Along with Zoom based plays, audio drama had a huge part to play in keeping many theatres afloat during the pandemic. They provided some sort of financial income either through paywalls or donations and, perhaps more importantly, gave actors and creatives the chance to keep their craft alive. More than one venue opted to stream a series of short commissions which also gave new writing and new(ish) writers a platform for their product. One such was the north- east’s Alphabetti theatre who launched a series of nine micro plays under the general heading Listen Up. This was followed by Listen In – a further three pieces played over video of the temporarily abandoned building. Every now and again I like a little mini project, so here’s my thoughts on the second tranche.
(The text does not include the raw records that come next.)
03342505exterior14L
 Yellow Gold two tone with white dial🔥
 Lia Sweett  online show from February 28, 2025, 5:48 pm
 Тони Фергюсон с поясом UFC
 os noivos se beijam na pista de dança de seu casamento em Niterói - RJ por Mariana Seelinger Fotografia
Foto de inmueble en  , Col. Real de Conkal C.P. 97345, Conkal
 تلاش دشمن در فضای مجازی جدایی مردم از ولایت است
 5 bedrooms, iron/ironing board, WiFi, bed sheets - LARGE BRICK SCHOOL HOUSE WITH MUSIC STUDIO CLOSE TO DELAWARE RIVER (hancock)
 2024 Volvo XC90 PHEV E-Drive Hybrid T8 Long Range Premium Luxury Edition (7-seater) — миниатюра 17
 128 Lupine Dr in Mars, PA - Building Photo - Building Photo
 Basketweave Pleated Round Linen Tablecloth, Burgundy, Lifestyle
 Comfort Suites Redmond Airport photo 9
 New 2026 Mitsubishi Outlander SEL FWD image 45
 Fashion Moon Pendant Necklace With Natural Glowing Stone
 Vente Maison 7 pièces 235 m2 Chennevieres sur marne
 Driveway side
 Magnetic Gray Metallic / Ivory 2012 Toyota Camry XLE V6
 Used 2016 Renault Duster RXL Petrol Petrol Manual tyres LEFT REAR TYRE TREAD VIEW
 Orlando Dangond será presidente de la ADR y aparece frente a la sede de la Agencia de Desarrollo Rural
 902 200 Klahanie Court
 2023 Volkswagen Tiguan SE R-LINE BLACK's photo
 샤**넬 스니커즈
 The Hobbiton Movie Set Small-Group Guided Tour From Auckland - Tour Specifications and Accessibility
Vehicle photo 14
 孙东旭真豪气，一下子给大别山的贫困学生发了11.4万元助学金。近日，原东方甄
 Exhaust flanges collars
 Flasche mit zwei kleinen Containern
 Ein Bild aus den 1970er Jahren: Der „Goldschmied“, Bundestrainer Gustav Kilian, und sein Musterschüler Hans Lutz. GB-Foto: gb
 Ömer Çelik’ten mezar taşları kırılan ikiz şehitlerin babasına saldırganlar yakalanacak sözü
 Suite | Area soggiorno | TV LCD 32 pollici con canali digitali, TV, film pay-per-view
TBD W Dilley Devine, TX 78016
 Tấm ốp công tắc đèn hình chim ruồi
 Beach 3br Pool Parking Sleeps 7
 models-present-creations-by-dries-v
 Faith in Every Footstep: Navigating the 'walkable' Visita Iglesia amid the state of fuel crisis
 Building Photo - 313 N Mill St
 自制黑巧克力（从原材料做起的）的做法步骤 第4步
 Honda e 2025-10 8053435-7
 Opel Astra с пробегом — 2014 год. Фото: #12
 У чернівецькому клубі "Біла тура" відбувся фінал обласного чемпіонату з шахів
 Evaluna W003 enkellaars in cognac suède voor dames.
I began with Laundry, a play about two people who used to be an item getting back together during lockdown and coming to realise what they have lost as their isolation has started to become a way of life. Sam’s washing machine isn’t working and Rob invites her to use his – or what used to be theirs. Then as they wait they realise they might as well have a cuppa and share some memories. This is a gentle little piece from writer Assad Zaman, played well by Craig Fairburn and Hannah Walker. It contains few surprises but makes good use of subtext and the extended metaphor of doing one’s laundry to make its point. What is most forcibly striking, a year after it was first broadcast is the couple’s discussion of the lockdown rules and their contemplation of whether they are breaking them. Given recent events this is highly ironic and reasserts the topicality of the narrative.
There’s another extended theatrical metaphor in the next play which approaches a difficult topic from a new angle. Fostering is often covered from the point of view of the parent or child at the centre of the arrangement but not quite so much from a birth child who may find themselves caught up in the decision. Beth Nolan’s Jigsaw places Liam’s position in the spotlight as he and his mother welcome Jayden temporarily into their home. Liam only knows about fostering from what he’s seen on Tracey Beaker but soon finds himself bonding with the young boy over the titular puzzles. Gradually as they fit the pieces together they also help one another to form complete pictures of their lives. Fostering though is only ever a temporary arrangement and so, inevitably, just like the jigsaws they enjoy they have to be broken apart and tidied away. Bob Nicholson and Arabella Arnott lend credibility to their characters and give pause for thought about such a poignant situation.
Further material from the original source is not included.